Friday, 15 September 2017

Menjelajah konsistensi sebuah inkonsistensi

Kebebasan yang tertambat menjadi norma karena kamu sempat menjejak jarak. Mengajak bicara, menunjukkan dunia, memandu pandangan mata, mengamati nuansa, lalu mengucapkan selamat tinggal yang katamu sementara. Saya merasa agak gimana, tapi tidak apa-apa karena sepertinya saya toh baik-baik saja.

Musim panas yang dingin menjadi berhenti karena kamu sudah kembali. Menyapa bangun saya di pagi hari, menelaah pekerjaan hari ini, memamerkan hujan yang riuh membasahi, lalu menempatkan palang untuk interaksi yang katamu harus dibatasi. Saya merasa keki, tapi saya tidak keberatan untuk tetap jadi makhluk baik hati.

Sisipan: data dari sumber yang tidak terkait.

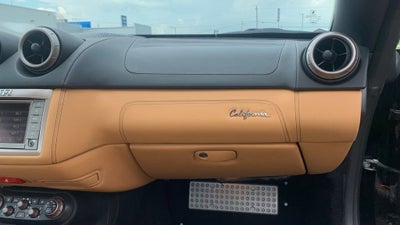 2014 Ferrari California NA
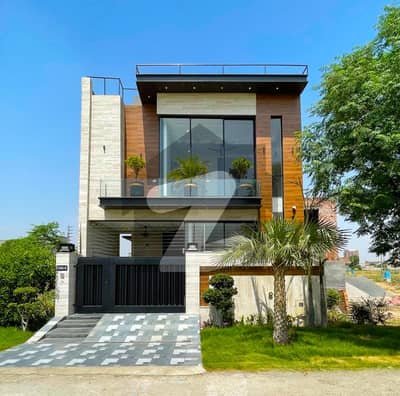 5 Marla Out Class Stylish Luxury Bungalow For Rent In DHA Phase 9 Town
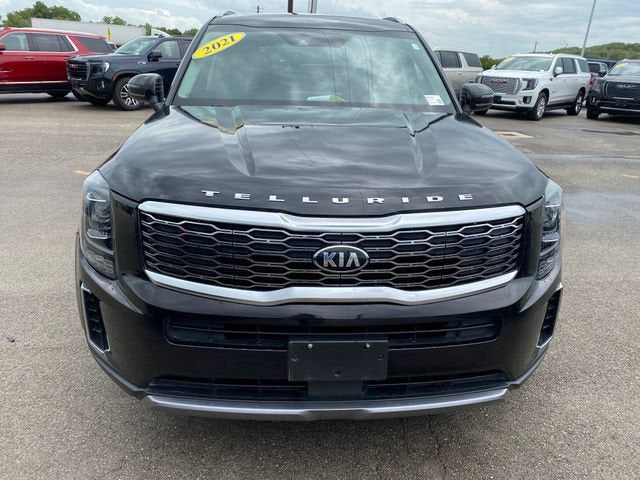 2021 Kia Telluride S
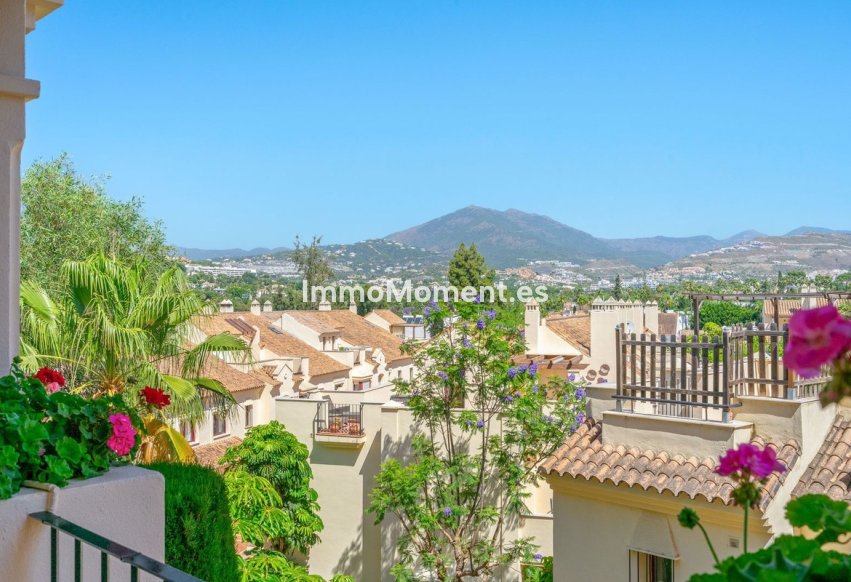 Wiederverkauf - Wohnung - Marbella - Nueva Andalucía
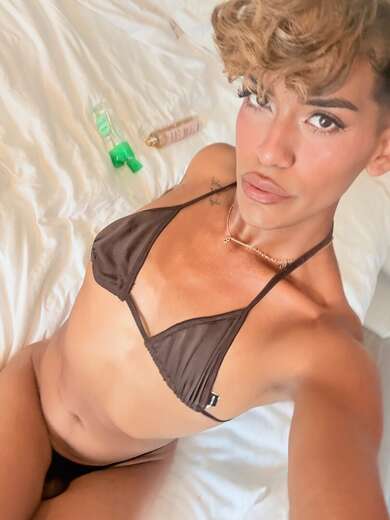 Your Femboy Fantasy - Alternate Photo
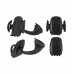 Sleek Mobile Holder (Black)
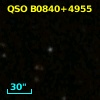 QSO B0840+4955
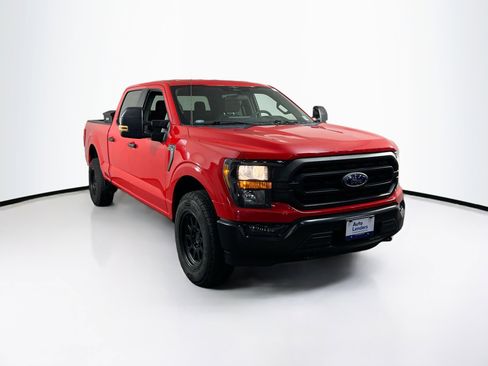 Used 2023 Ford F150 4x4 SuperCrew SSV w/ Heavy-Duty Payload Package image 3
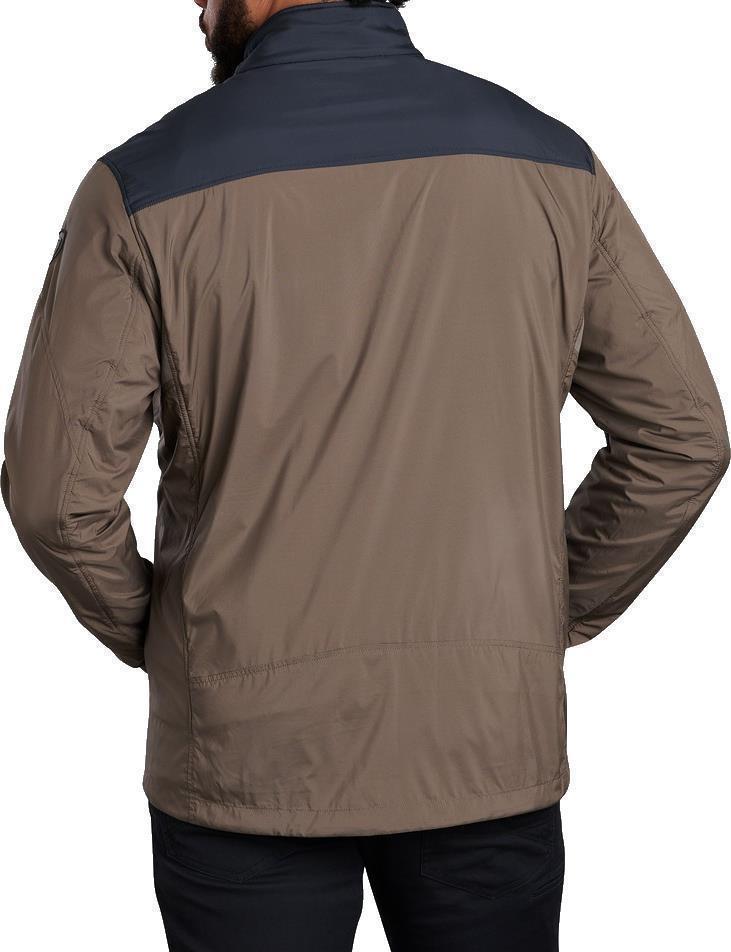 The One Jacket - Mens - Driftwood 2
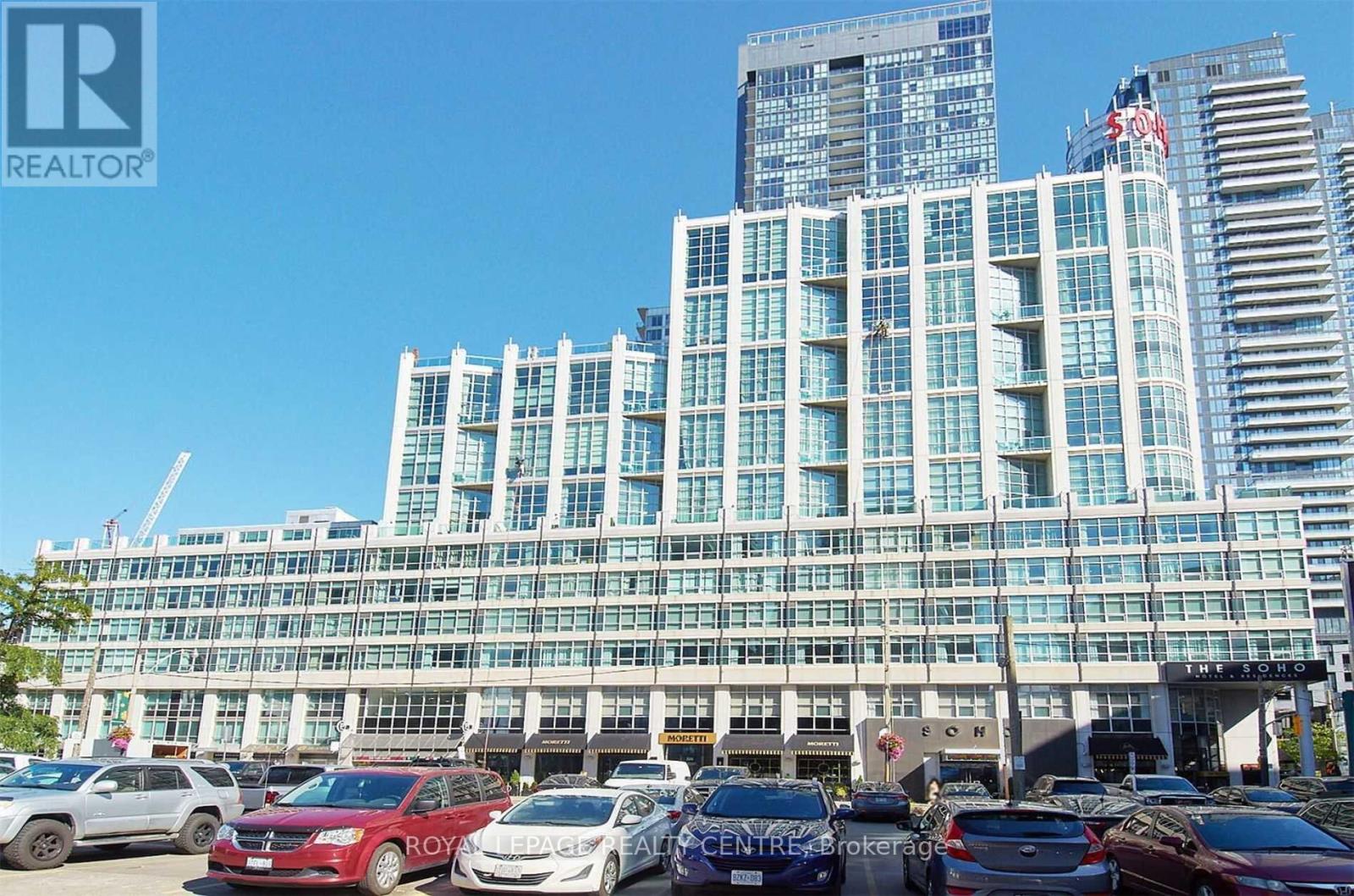 227 - 350 Wellington Street W, Toronto, Ontario  M5V 3W9 - Photo 3 - C12882700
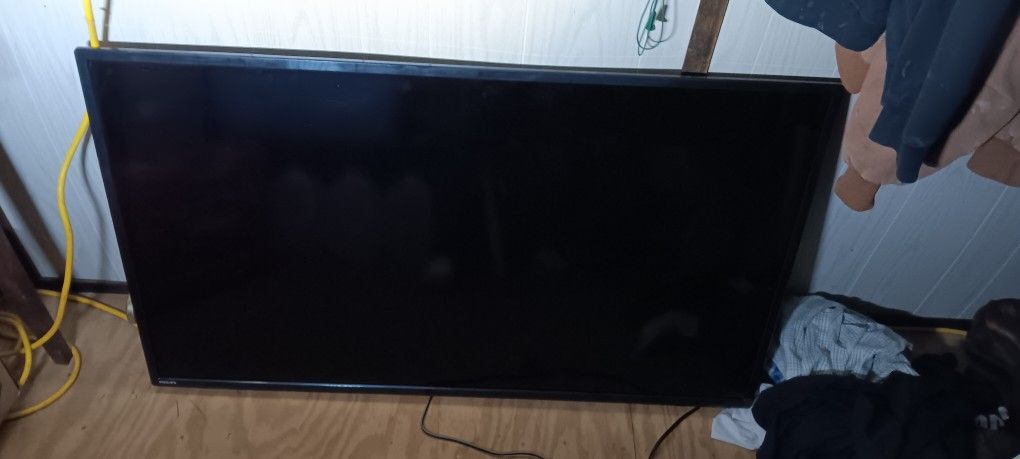 50" PHILLIPS 4K ULTRAHD LED ANDROID TV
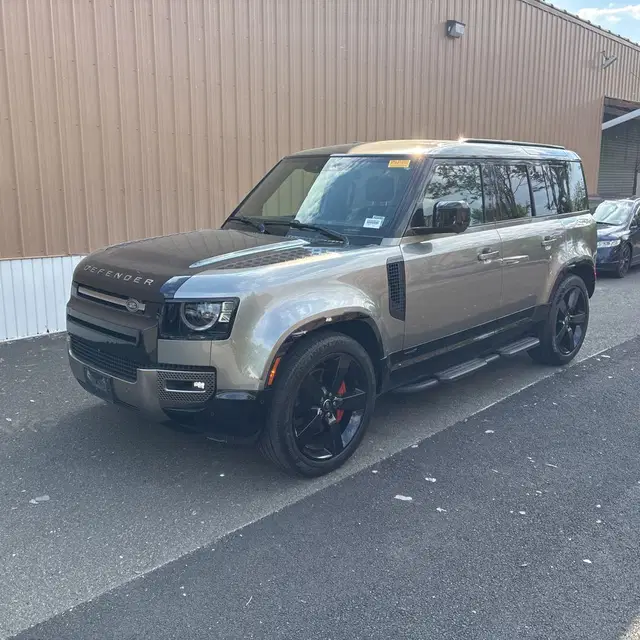 2024 Land Rover Defender 110 P400 X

Keramaian yang sepi tidak ada lagi karena kamu ada di sini. Memperdengarkan lagu, memutar cerita syahdu, menertawakan gurau dan meratapi haru, membahas aktivitas baru, lalu meletakkan tanda titik yang katamu memang perlu. Saya merasa mulai ragu, tapi saya anggap ini reaksi wajar terhadap penyesuaian dengan hal baru.

Kepastian yang bimbang menelusup di setiap inchi karena kamu tak juga pergi. Memanggil dari malam hingga kembali sore, menggemakan rentetan satire, melintas maju tanpa antre, lalu mematil dan hilang di balik kubangan yang katamu biar seru seperti ikan lele. Saya merasa bolak-balik ke tempat yang sama seperti sedang diare, tapi saya coba berbaik sangka karena toh saya tidak merasa didikte.


Tapi…


Kamu tetap sama, konsisten di antara ada dan tiada. Membangun asa, kemudian menyembunyikannya. Mewacanakan tatap muka, kemudian berhenti menyebutkannya. Maksud kamu sebenarnya apa?

Kamu kembali tapi kamu tidak ada di sini. Menghalau nyeri, kemudian menebarnya lagi. Memintal mimpi, kemudian melumatnya dengan gergaji. Apa memang yang kamu inginkan yang seperti ini?

Kamu begitu, dan konsisten untuk tetap begitu. Memusnahkan kabut, kemudian meratakan tumpukan abu ke segala penjuru. Memangkas perdu, kemudian memenuhi medan dengan kerasnya gundukan batu. Tidakkah kamu tahu betapa beratnya semua itu?

Kamu hore, saya memble. Memberikan hadiah lotre, kemudian menggagalkannya dengan alasan salah genre. Memfermentasi dengan gigih hingga jadi tempe, kemudian membuangnya di WC. Sadarkah kamu bahwa ini seperti ingin mempertahankan warteg tapi kemudian mendadak tergusur oleh pembangunan kafe?



Mungkin tidak.



Ya sudah lah kalau begitu. Saya pastikan goodbye saja meski kamu masih saja tersenyum sambil terus mengucapkan “Halo!”